It is the year 1989. The absorbing and suspense-filled story of “Wired“ begins with the description of the body of a young teen-aged girl who has been found murdered on the bluff that overlooks the town of Rosewood. It is the popular spot for teens to gather and has until recently been the scene of the normal teen-age misbehavior that one would expect. But it has become a place of horror and danger: the bodies of more young girls, found tortured, raped, and murdered in an identical fashion, start appearing on the bluff.
“Wired” jumps effortlessly out of the “plot-gate,” and races to its suspenseful conclusion.

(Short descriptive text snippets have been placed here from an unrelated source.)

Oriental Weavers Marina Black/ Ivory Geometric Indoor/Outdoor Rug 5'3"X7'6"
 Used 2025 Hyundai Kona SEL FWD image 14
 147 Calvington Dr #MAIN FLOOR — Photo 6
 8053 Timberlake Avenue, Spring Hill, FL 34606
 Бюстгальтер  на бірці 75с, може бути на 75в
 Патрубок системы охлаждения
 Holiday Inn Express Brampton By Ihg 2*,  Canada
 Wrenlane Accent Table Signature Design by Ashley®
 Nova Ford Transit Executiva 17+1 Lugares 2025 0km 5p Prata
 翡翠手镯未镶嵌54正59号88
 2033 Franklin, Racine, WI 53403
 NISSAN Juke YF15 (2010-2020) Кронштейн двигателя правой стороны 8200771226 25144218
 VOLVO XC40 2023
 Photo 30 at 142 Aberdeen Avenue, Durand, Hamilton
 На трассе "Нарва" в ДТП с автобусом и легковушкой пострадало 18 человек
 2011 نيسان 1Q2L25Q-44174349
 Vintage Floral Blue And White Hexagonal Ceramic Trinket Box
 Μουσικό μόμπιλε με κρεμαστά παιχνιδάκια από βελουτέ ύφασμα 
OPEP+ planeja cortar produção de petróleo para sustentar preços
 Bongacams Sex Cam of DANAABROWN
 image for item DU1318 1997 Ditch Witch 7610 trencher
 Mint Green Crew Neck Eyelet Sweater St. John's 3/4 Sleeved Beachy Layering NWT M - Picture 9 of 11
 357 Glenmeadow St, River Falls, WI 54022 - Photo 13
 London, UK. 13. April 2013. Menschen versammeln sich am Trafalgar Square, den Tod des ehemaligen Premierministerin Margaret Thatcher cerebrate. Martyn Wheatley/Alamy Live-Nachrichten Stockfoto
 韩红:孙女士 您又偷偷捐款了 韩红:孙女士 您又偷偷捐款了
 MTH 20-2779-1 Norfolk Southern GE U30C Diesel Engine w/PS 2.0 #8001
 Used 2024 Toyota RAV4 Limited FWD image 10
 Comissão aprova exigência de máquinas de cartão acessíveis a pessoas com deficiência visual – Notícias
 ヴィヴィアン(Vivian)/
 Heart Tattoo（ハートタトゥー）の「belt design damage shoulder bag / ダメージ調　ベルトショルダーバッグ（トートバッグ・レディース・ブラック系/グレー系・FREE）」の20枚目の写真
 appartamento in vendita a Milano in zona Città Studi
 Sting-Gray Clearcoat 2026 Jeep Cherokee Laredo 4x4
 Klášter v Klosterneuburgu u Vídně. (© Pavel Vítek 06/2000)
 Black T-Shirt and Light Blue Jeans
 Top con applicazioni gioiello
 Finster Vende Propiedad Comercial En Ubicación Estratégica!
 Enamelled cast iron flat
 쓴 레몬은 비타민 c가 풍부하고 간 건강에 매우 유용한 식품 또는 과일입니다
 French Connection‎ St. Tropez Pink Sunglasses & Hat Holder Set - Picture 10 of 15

Martha Randolph Carr delivers an engaging story populated with sympathetic characters, and with well-turned phrases and plot developments to keep you engaged and invested to the last word.
"Next to the back door was a small key rack with different keys attached to small round pieces of paper, saying what each one was willing to open."
From the beginning, Ms. Carr begins to offer the reader such keys; and the reader is pulled along to search for the mysteries each key will unlock.
We are introduced to a young family, the Eames: Husband Charlie, and his wife, Mary Elizabeth, and their precocious and sensitive five-year-old son, Matthew. Charlie and Mary Elizabeth “have it all,” by all appearances. Charlie owns the local shoe store – one he bought from the retiring former owner. He loves spending time with his delightful son, and Mary Elizabeth is a very attentive, if distant, mother. The two of them have loved each other since High School. Everything looks right on the surface. But the appearances are deceiving. Mary Elizabeth is very troubled, and consumed by a guilt that she scarcely understands herself. Every day, she sinks more deeply into depression and anxiety, absent-mindedly rubbing the skin on her wrists raw, each time she hears and reads of another girl murdered on the bluff. She wants to talk to Charlie, but she shuts down at every opportunity or opening that the increasingly frustrated Charlie gives her to confide in him. Instead, she withdraws into herself away from both Charlie and “Mattie,” losing herself in compulsive gardening and landscaping, trying to escape from herself, and from the fear and nightmares that haunt her. Mary Elizabeth finally asks for a trial separation, what she tells Charlie will be a ”brief time apart” to give her some time to work out what she wants, and if she is still in love with the man to whom she has become more and more a stranger.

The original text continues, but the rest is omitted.